Skip every picture, and output exactly the lines starting at the one with "残酷|历史上最残酷的混战,10个月死伤75万人,参战国全部打破产" and running through the last line of the material below.

● Input data:
· · ·

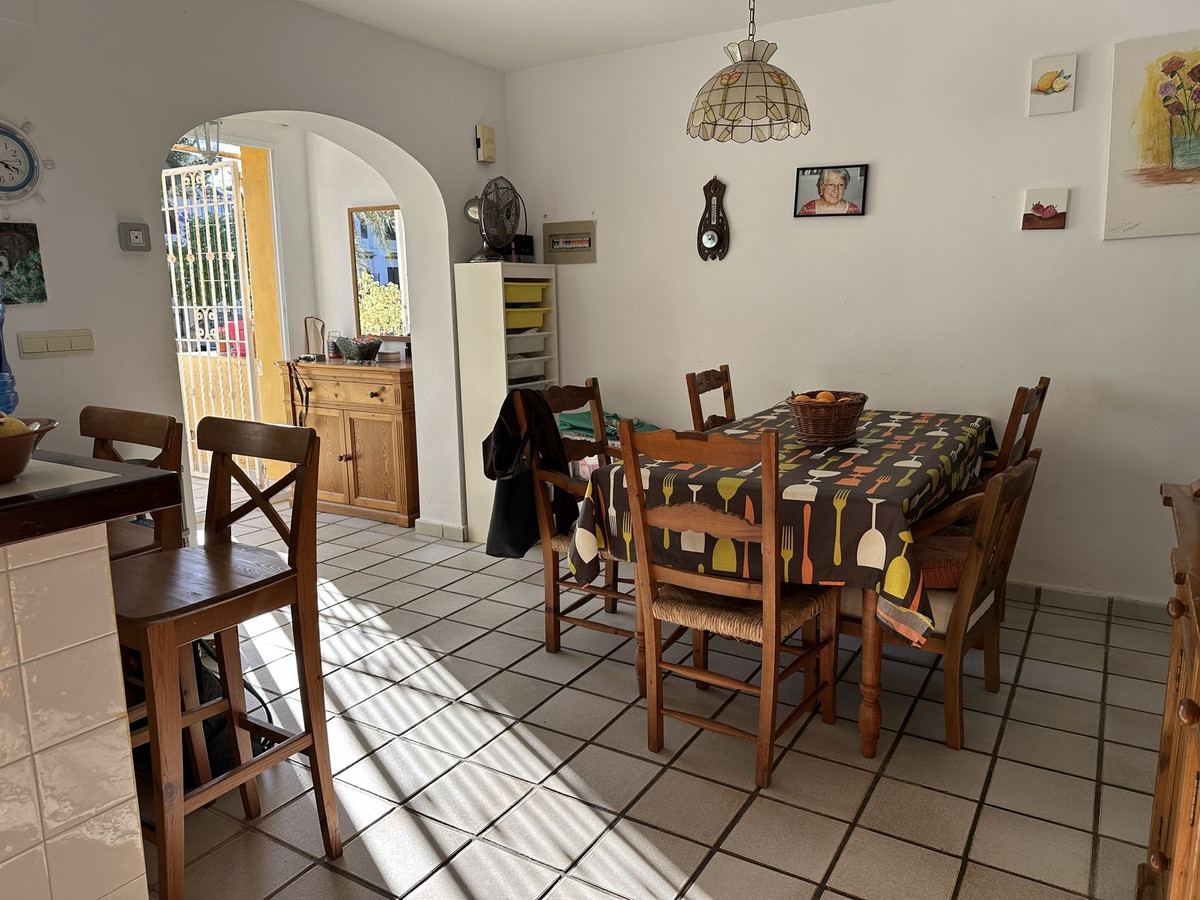 For sale - 4 Bedroom 4 Bathroom House - Townhouse in Orihuela - Orihuela Costa  - Alicante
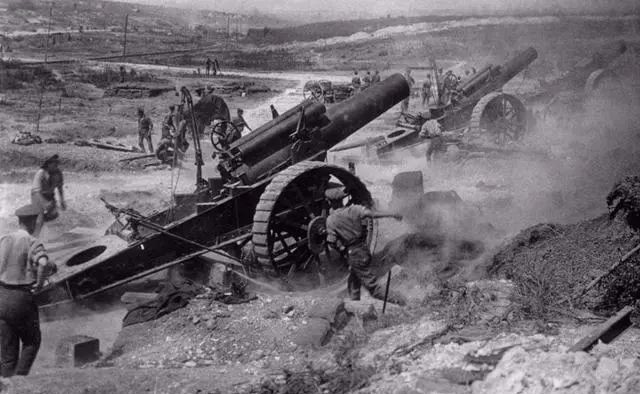 残酷|历史上最残酷的混战,10个月死伤75万人,参战国全部打破产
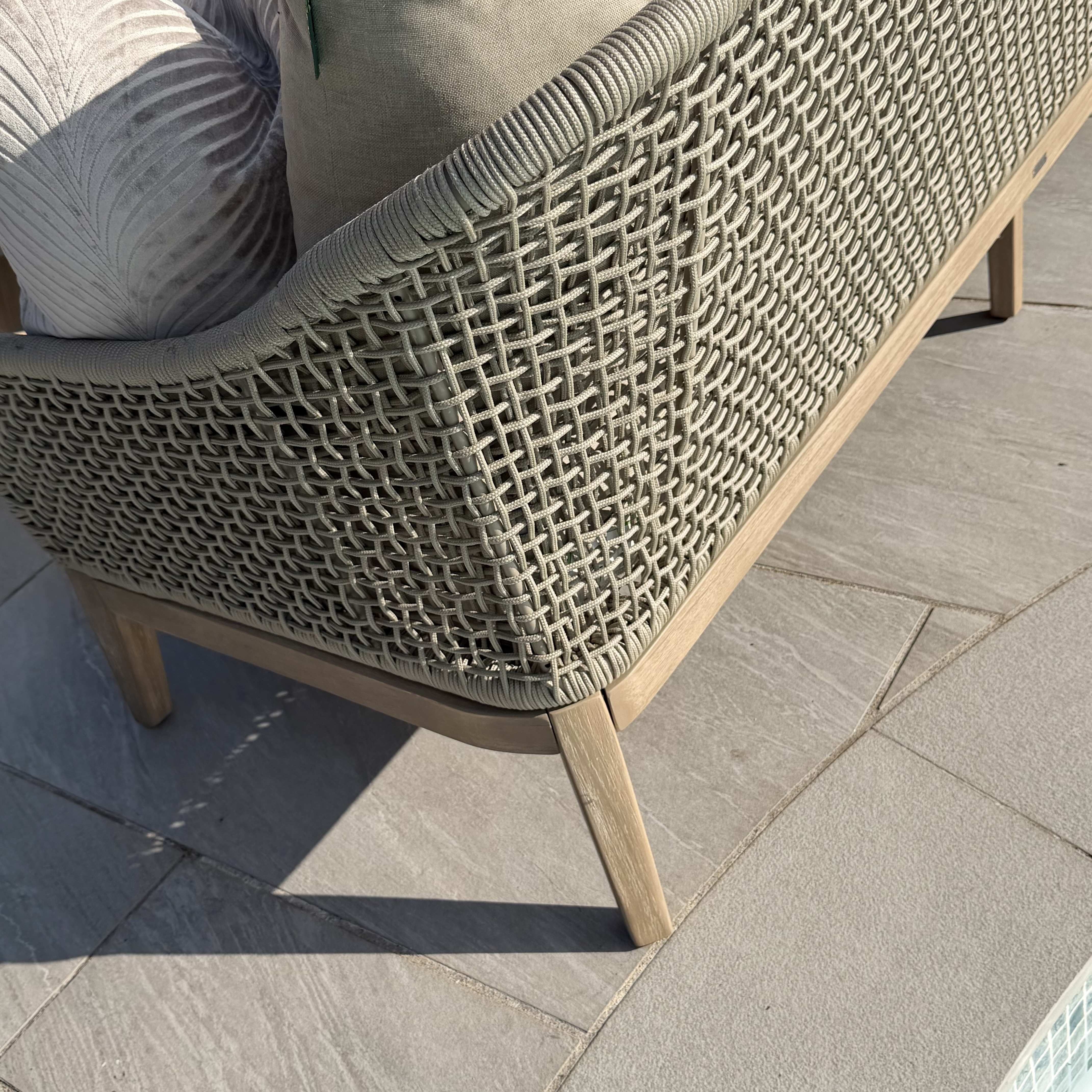 Nova - Summer Corner Sofa Set with Round Coffee Table & Side Table - Beige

· · ·

● Solution to this task:
 残酷|历史上最残酷的混战,10个月死伤75万人,参战国全部打破产
 Nova - Summer Corner Sofa Set with Round Coffee Table & Side Table - Beige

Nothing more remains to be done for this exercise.